According to the recent Supreme Court decision, marriage is now simply marriage, with no need to add any further explanation or qualifier.
There isn’t a need to talk about gay marriage or lesbian marriage or even straight marriage. Marriage is marriage and legal for all adult couples interested in tying that knot of commitment throughout the entire country. It’s the law. It’s also an ongoing challenge for many faith communities who read the scriptures of their faith with an understanding that leads them to reject or question the right to marry to any couple other than one man and one woman. Theirs is but one of several possible faith responses.
I belong to a Christian tradition that is trying to hold together under the same faith tent, four possible responses to non-traditional marriage. Some members completely refuse to accept any change to marriage. Others are unsure of such change and for now reject it. A third group is also unsure but open to try, open enough to see what gifts an expanded sense of marriage might bring. And a fourth group is openly, joyously excited to see marriage extended to all loving couples. It’s a big tent filled with people who want to keep the conversation going, listening and learning from each other.
Marriage as a legal estate is now the law for any couple who so chooses. Courthouses must and will grant marriage licenses regardless of gender. And of course, some religious bodies will refuse to marry them or even perform marriages at all. So one possible solution is for our nation to adopt the European model. All marriages are granted legal status by the state.
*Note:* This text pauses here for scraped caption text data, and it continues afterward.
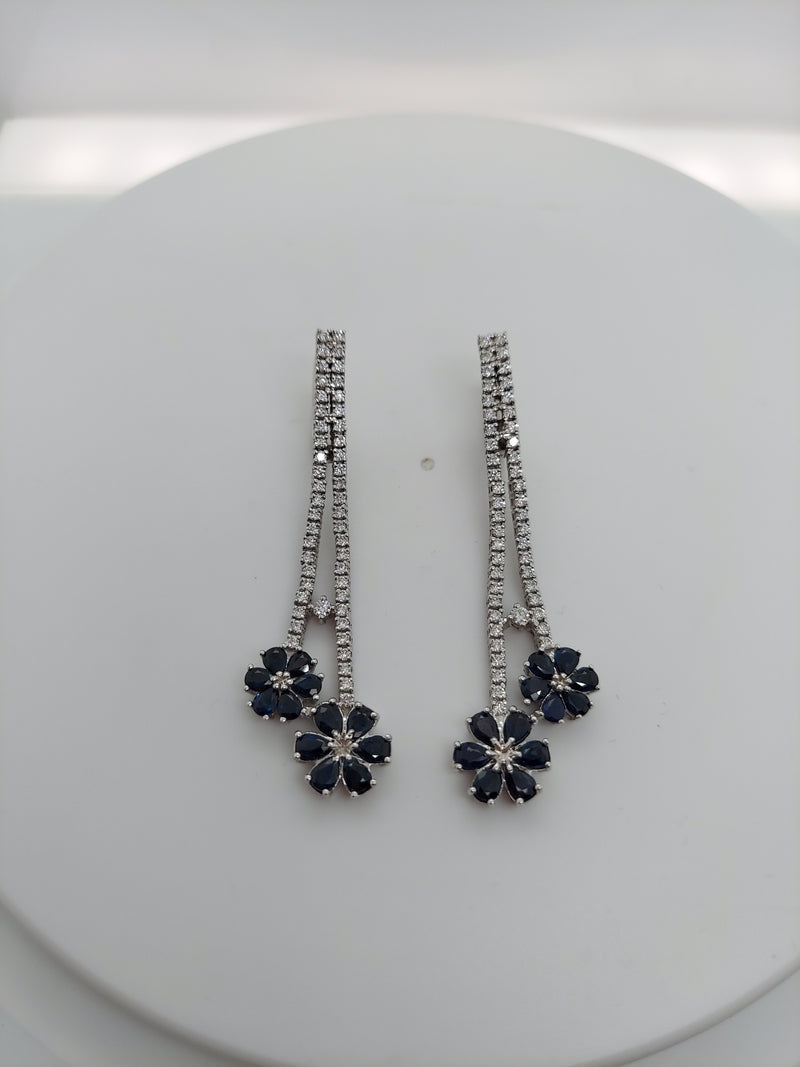 Sapphire & Diamond Drop Earrings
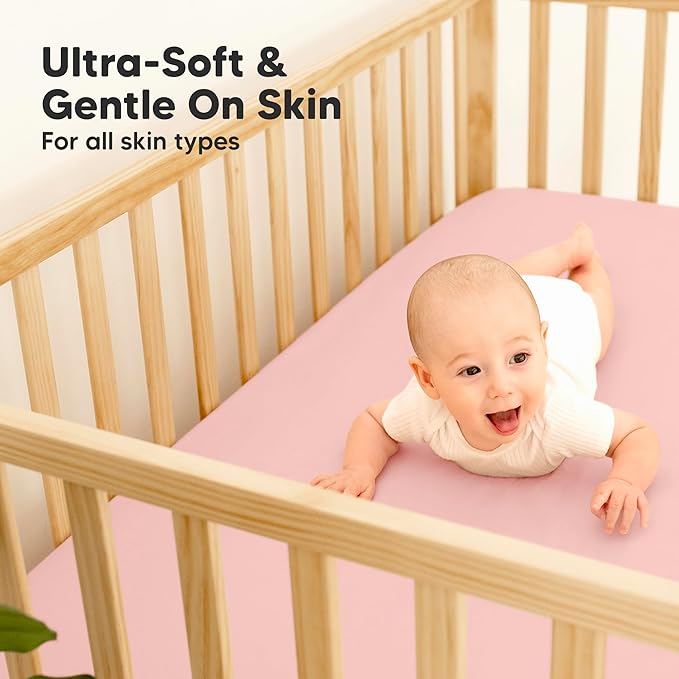 2-Pack Waterproof Baby Crib Sheets for Boys, Girls - 52x28 Viscose Derived from Bamboo Toddler Bed Sheet Neutral, Fitted Crib Mattress Protector Cover for Baby Bedding, Soft & Gentle (Rose)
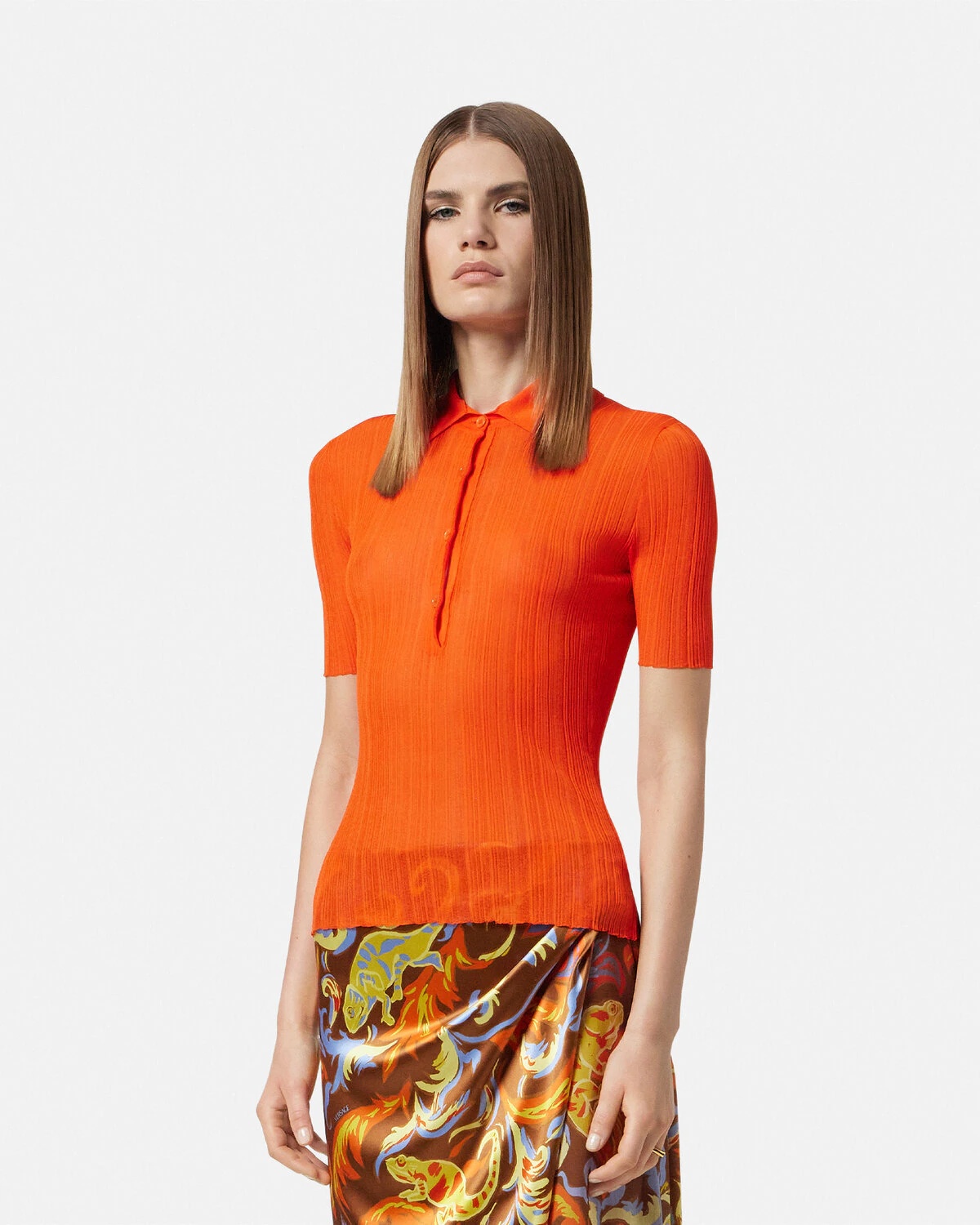 Ribbed Knit Polo Shirt - 4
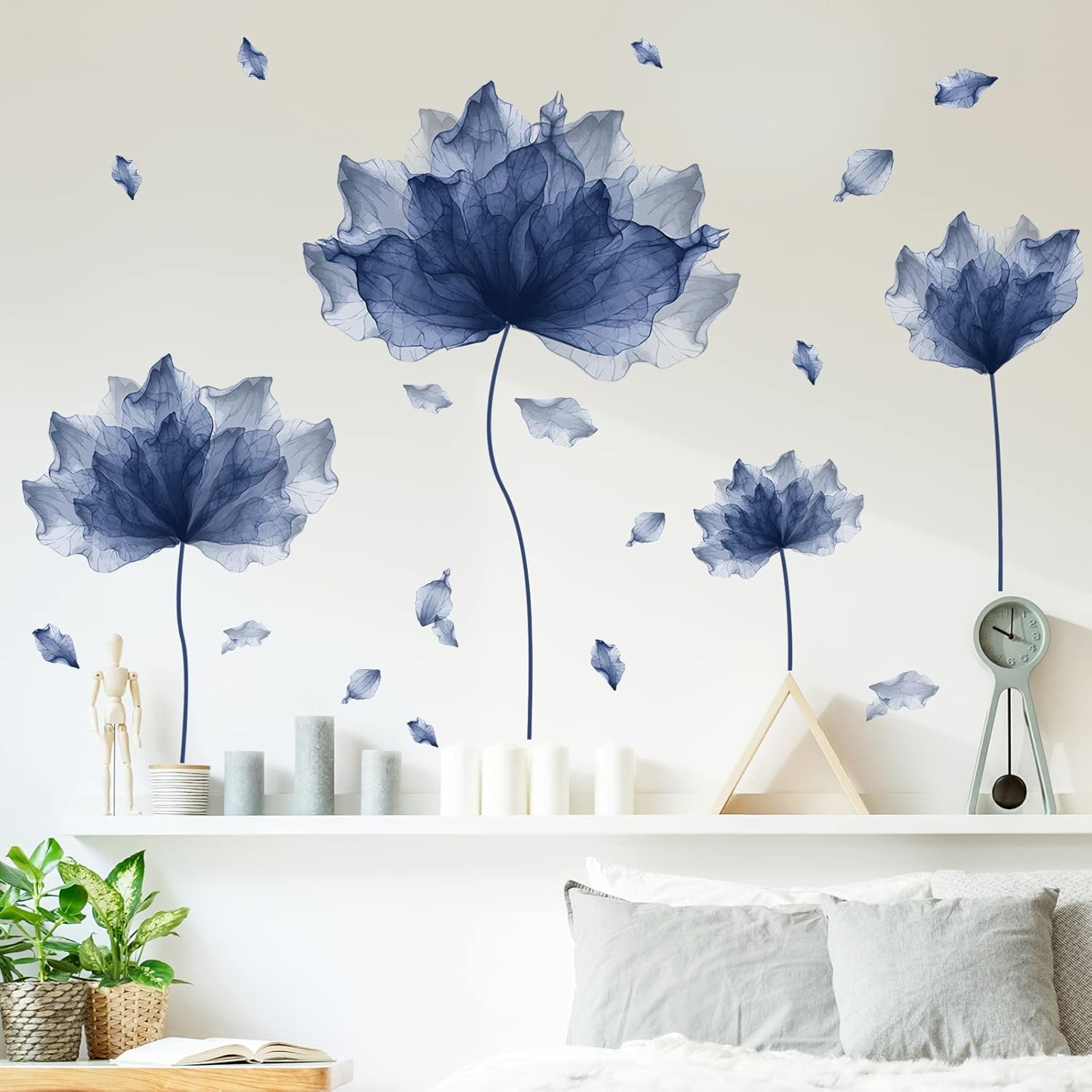 Calcomanías de pared de pétalos de flores enormes de 39.3 x 32.6 pulgadas, calcomanías de pared florales para sala de estar, calcomanías de pared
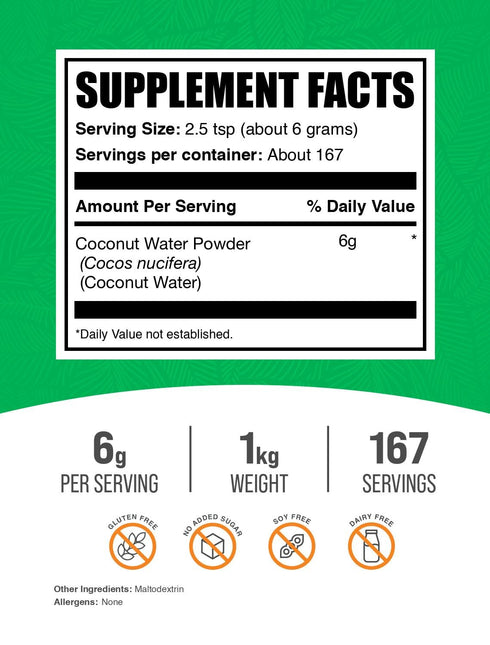 6g 1kg (2.2 lbs) (Pack 1) BulkSupplements.com Coconut Water Powder - Electrolyte Supplement, Water Flavoring & Enhancer
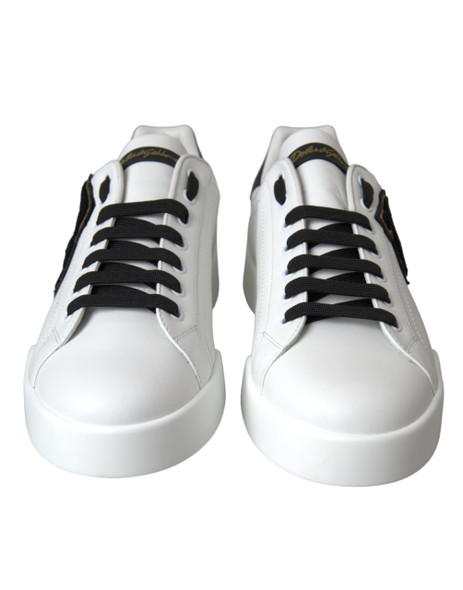 White Leather DG Logo Casual Low Top Sneakers Shoes White Leather DG Logo Casual Low Top Sneakers Shoes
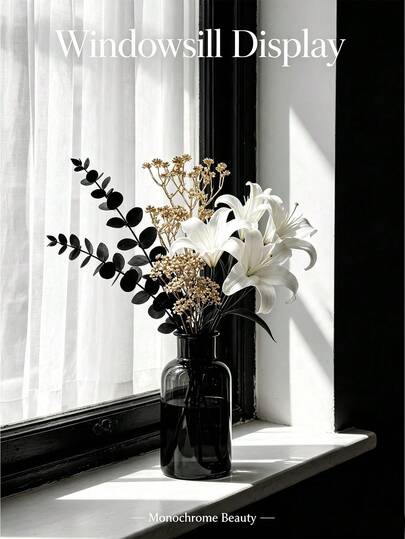 10/20pcs White Lily Bouquet With Black Eucalyptus Leaves And Gold Baby's Breath, Artificial Floral Arrangement For Restaurant, Hotel, Cafe, Wedding, Photo Booth Decoration, Modern Home Table Centerpiece, Room Autumn Decor
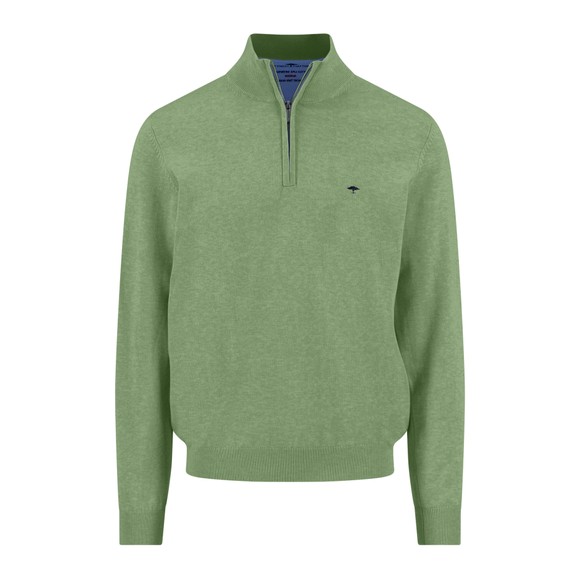 Fynch Hatton Mens Green Troyer Quarter Zip Jumper main image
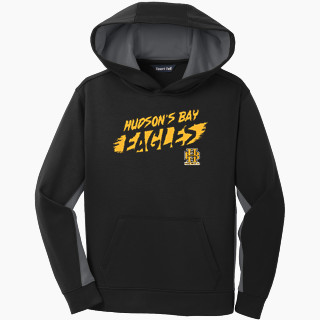 Sport-Tek Youth Sport-Wick Fleece Colorblock Hooded Pullover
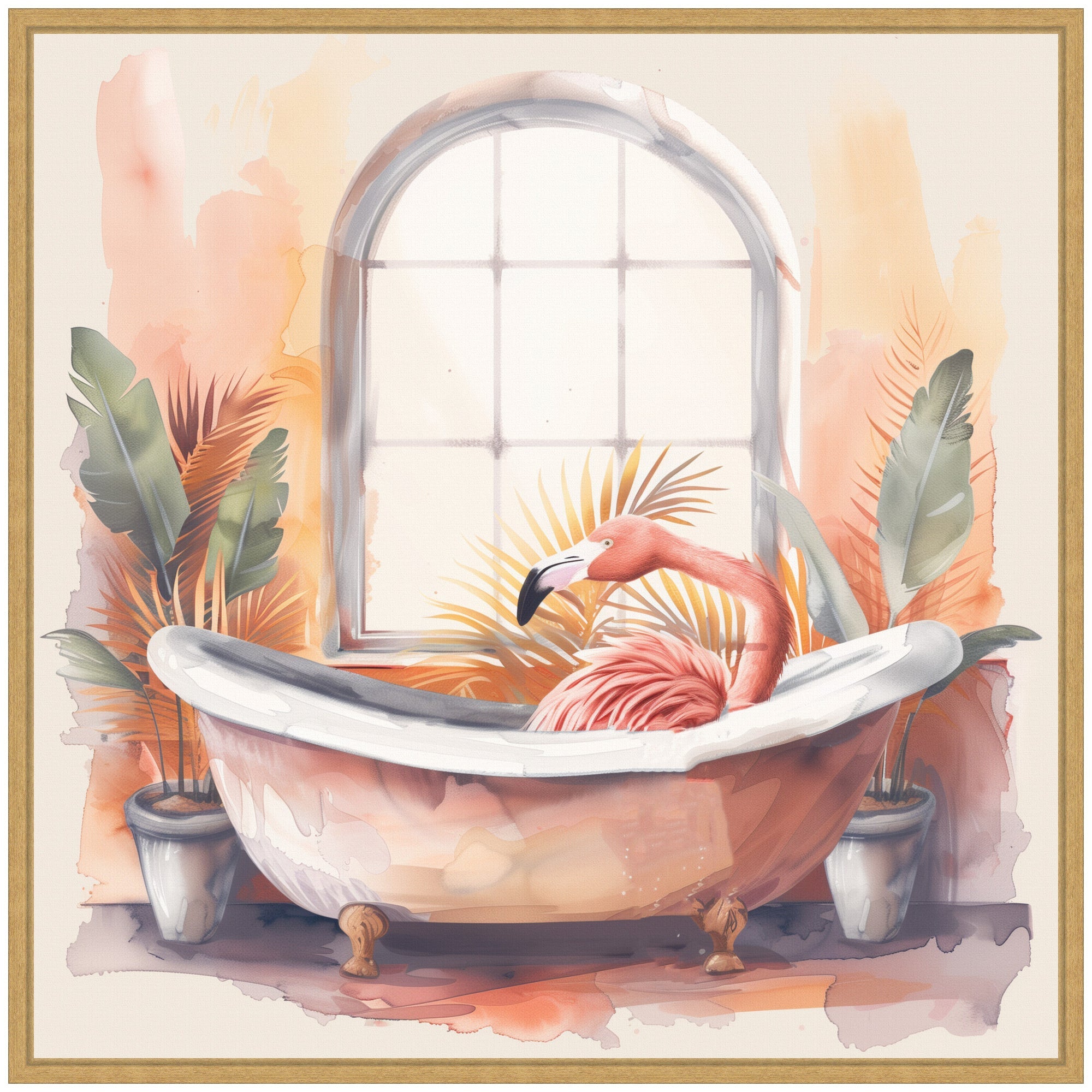 Sylvie Flamingo Bath Pastel Tropical Bathroom Watercolor Framed Canvas by The Creative Bunch Studio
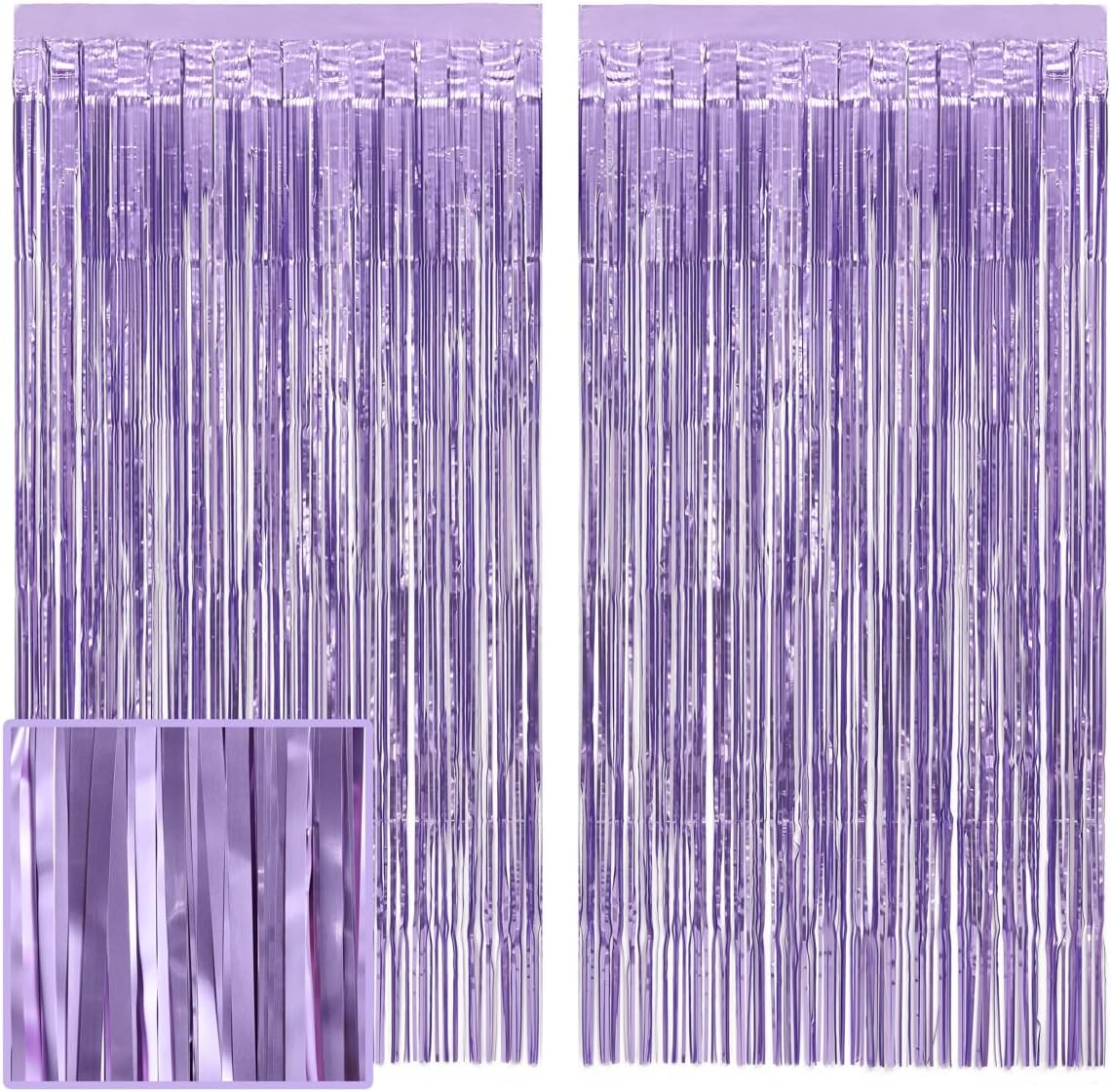 xo, Fetti Party Decorations Matte Purple Fringe Foil Curtain - Set of 2 | Bachelorette Bridal Shower Backdrop, Wedding, Birthday Photo Booth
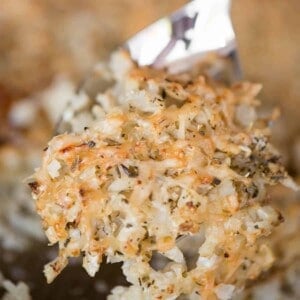 roasted cauliflower rice on spoon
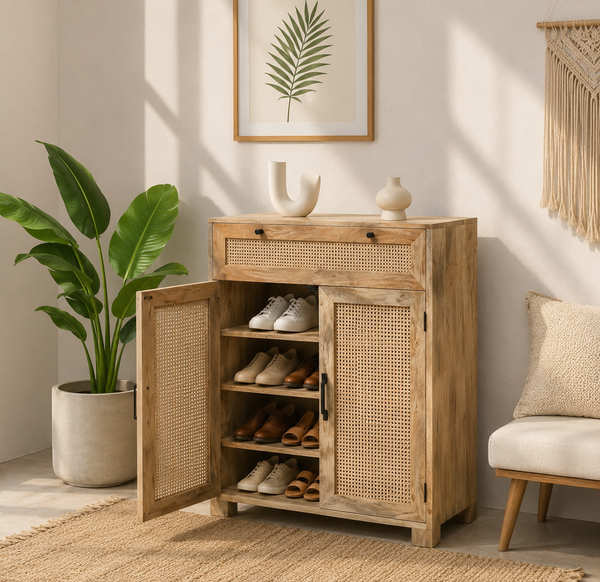 Solra Rattan Shoe Rack – Solid Wood, Natural Finish, Hallway Storage | Opelhome UAE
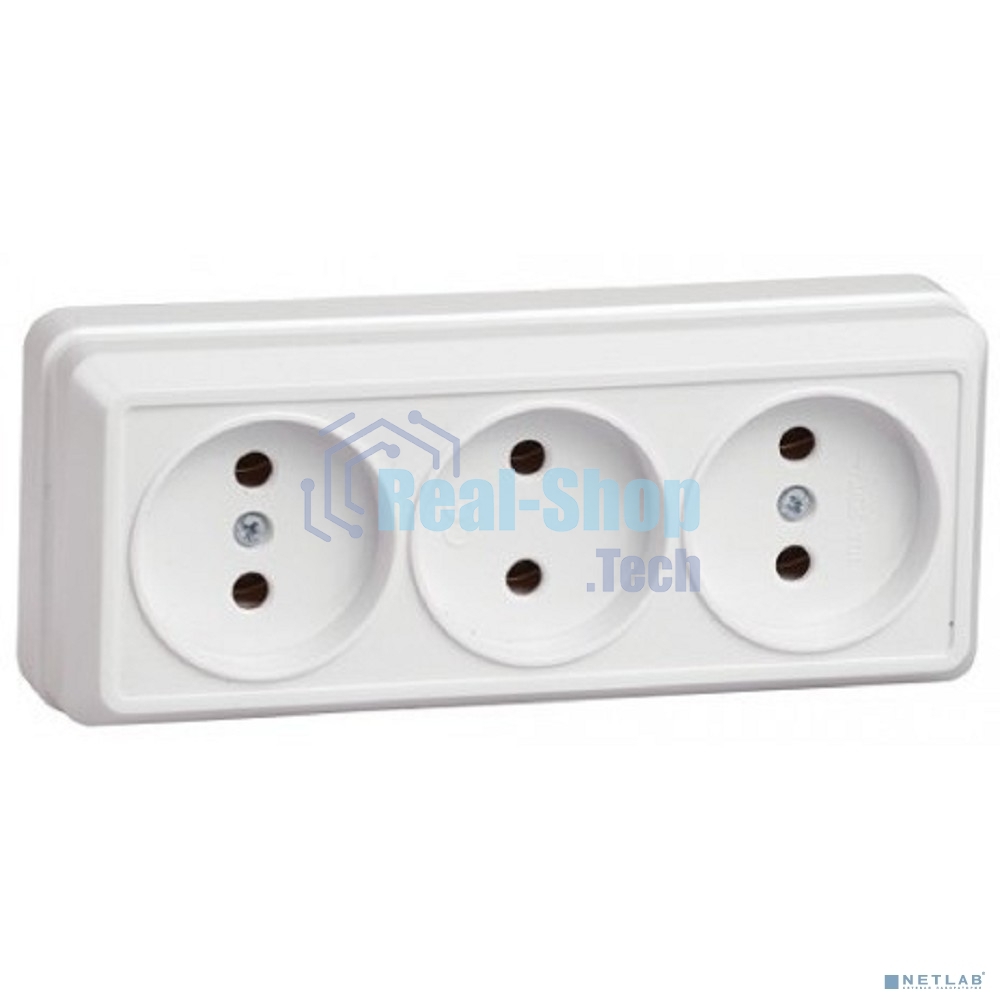 Розетка 3-м ОП Октава 10А IP20 без заземл. бел. ИЭК ERO30-K01-10-DC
Churches, temples and mosques are out of the “marrying-business.” It moves religious groups back into the role they should have ... that of being in the “blessing-business” and no longer acting as agents of the state when it comes to marriage forms and licensing.
I like that. Any couple can marry. Faith communities can, as their right, bless or withhold a service of blessing as they see fit. Even now, no faith community MUST marry anyone, but CAN marry whom they choose. After 37 years of ministry and hundreds of weddings, I see no need to be a “Marrying Sam” but love the idea of being a “Blessor of Love and Commitment!”
Me? I am a group-four person all the way, joyous for all those who seek the challenge and fulfillment of marriage. Forty-three years of marriage to the person I love has convinced me that all adult couples should have the same delightful opportunity. God bless them! God bless their lives, their love, their family in the arms of a good and gracious, loving God who can bless them with or without willing communities of faith!